昨年冬に発売され、初のフルHD液晶搭載機となったHTC J butterfly HTL21がバッテリー容量2,020mAhかつSnapdragon S4 Pro(1.5GHzクアッドコア)搭載で丸1日の稼動も怪しいことを思えば隔世の感がありますが、それだけディスプレイの省電力化の効果が大きい、ということなのでしょう。

2社で異なる通信速度・通信方式

ここまで全く同じ仕様だったAQUOS PHONE EX SH-02FとAQUOS PHONE Xx mini 303SHですが、通信機能にかかわる部分については、NTTドコモとソフトバンクモバイルの通信方式の相違の関係で、異なっています。

AQUOS PHONE EX SH-02Fでは下り最大150MbpsのLTE高速通信モードに対応するのに対し、AQUOS PHONE Xx mini 303SHでは下り最大75MbpsのLTE通信(Softbank 4G LTE)とAXGP(Advanced XGP)と呼ばれる通信方式での下り最大110Mbpsの4G通信モード(Softbank 4G)に対応しています。

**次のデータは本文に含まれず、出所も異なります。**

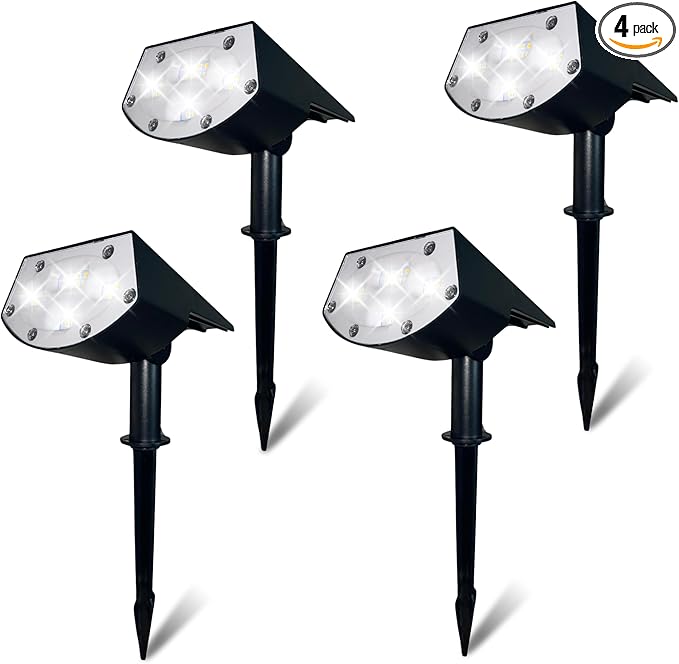 Solar Outdoor Lights 4-Pack Super Bright LED Spotlights Waterproof Garden Path Lights Yard &amp Landscape Lighting Auto On/Off Black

後者のAXGPは、FDD-LTEと呼ばれる周波数分割多重(FDD:Frequency Division Duplex)による一般的なLTE通信に対し、時分割多重(TDD:Time Division Duplex)方式を採用した、技術的にはPHSの系譜に連なるLTE規格の一つであり、中国などで採用されているTD-LTEと互換性のある技術です。

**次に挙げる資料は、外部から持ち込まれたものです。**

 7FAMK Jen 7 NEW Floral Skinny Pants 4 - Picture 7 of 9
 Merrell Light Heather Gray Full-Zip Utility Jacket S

このAXGP=TD-LTE、iPhone 5sおよびiPhone 5cでソフトバンクモバイルに割り当てられているバンドがサポートされず使用できない、という残念な結果となっていたのですが、自社向けで独自開発のこのAQUOS PHONE Xx mini 303SHでは当然に通常のLTEとの両対応となっています。

全く異なる筐体設計

中身的にはほぼ同一となったAQUOS PHONE EX SH-02FとAQUOS PHONE Xx mini 303SHですが、筐体は異なっています。

まず、筐体寸法がAQUOS PHONE EX SH-02Fは約63 × 128 × 9.8 mm、AQUOS PHONE Xx mini 303SHが約63 × 124 × 9.8 mmで、縦のサイズが4mm異なります。

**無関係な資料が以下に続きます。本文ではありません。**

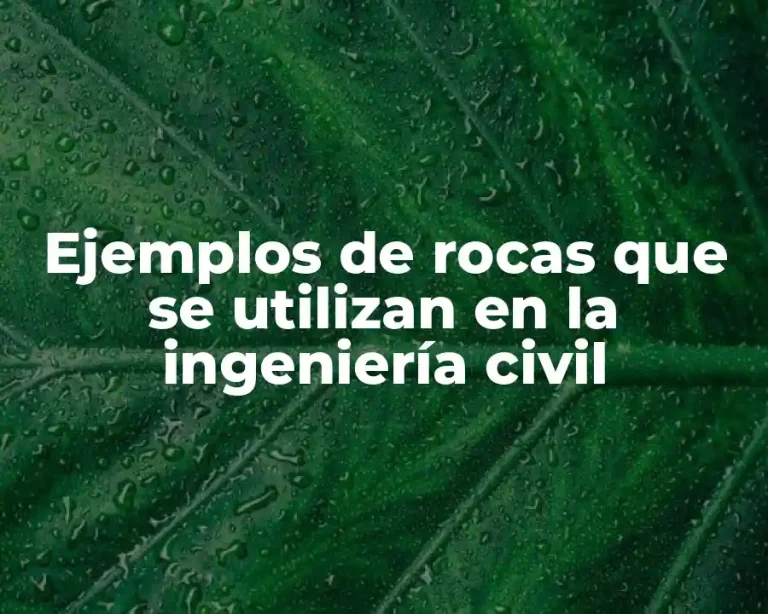 Ejemplos de rocas que se utilizan en la ingeniería civil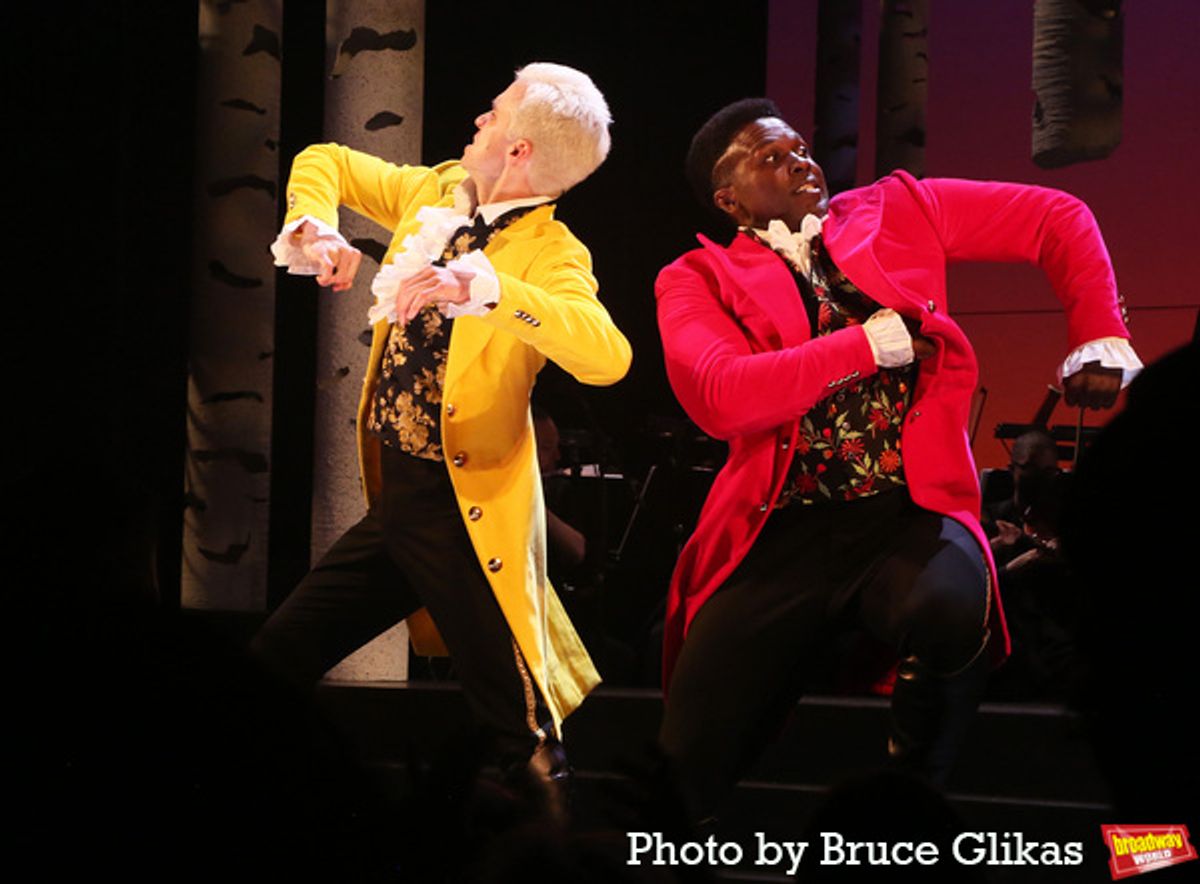 Gavin Creel as 'The Wolf/Cinderella’s Prince' and Joshua Henry as 'Rapunzel’s Prince'  at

SHARP AQUOS PHONE EX SH-02F(左)・AQUOS PHONE Xx mini 303SH(右)
背面から見ると、カメラなどの位置や筐体形状などに相違が顕著である。

それだけではなく、液晶ディスプレイがSH-02Fは概ね筐体中央に位置するように搭載されているのに対し、303SHでは上辺が筐体の上辺ぎりぎりに位置するように搭載されており、これに伴いSH-02Fの筐体は四隅が大きな円弧を描いているのに対し、303Hは円弧の半径を小さくしてスクエアな印象にまとめられています。

これは、303SHではディスプレイ下部の空きスペースにボタンを配置していることに伴う相違で、SH-02Fではホームボタンなどの物理的なボタンが用意されていません。このあたりは両社向け従来機種のレイアウトを踏襲したものです。

また、このディスプレイ位置の相違は背面のメインカメラ周りの配置にも影響しており、SH-02Fではメインカメラが上部中央寄りに置かれてフラッシュ/ライト用LEDがその直下にタンデムに配置されているのに対し、303SHではメインカメラを上辺ぎりぎりの位置に配置してフラッシュ/ライト用LEDと赤外線センサーを横並びでメインカメラ両脇に配置する、という相違点があります。

フルセグチューナーが要らず視力に自信があるなら買いだ

以上、NTTドコモ向けAQUOS PHONE EX SH-02Fとソフトバンクモバイル向けAQUOS PHONE Xx mini 303SHを見てきましたが、低消費電力かつ超高画素密度のディスプレイパネルを製造できる事実上唯一の液晶メーカー、という現在のシャープの立ち位置を最大限に生かした非常に完成度の高い端末である、というのが筆者の正直な感想です。

今夏のNTTドコモ向けソニー Xperia Aの成功のおかげで、4インチ台中盤から後半クラスのディスプレイを備えたコンパクトな端末に対する再評価が行われるようになったわけですが、これらはその潮流に乗った機種中でも最高水準の性能・スペックを備えた機種であると言えます。

ハイエンドのオーバー5インチクラスのディスプレイを搭載した機種にあってこれら2機種に欠けているものと言えば大容量バッテリーとフルセグチューナーくらいのもので、プロセッサ性能も画面解像度もメモリ容量も外部ストレージの対応も、皆それらと互角とあれば、スリムでポケットへの収まりの良いこれらの機種を選ばない理由はほとんどない、と言って良いのではないでしょうか。

無論、何日も外出などでバッテリー充電ができない、とかそういう事情がある場合には大容量のバッテリーを搭載したオーバー5インチクラスの機種を選ぶべきでしょうし、視力にやや難のある方がこれら2機種を利用するのは厳しい気がしますが、そうした事情が特に無ければこれらを選択しない理由の方が少ない様に思います(ただしデザイン的な好みの問題はついて回りますが)。

問題があるとすれば、これら2機種は発売時期がいずれも他機種よりかなり遅く設定されていて、事実上来年まで待つ必要があることくらいのものでしょうか。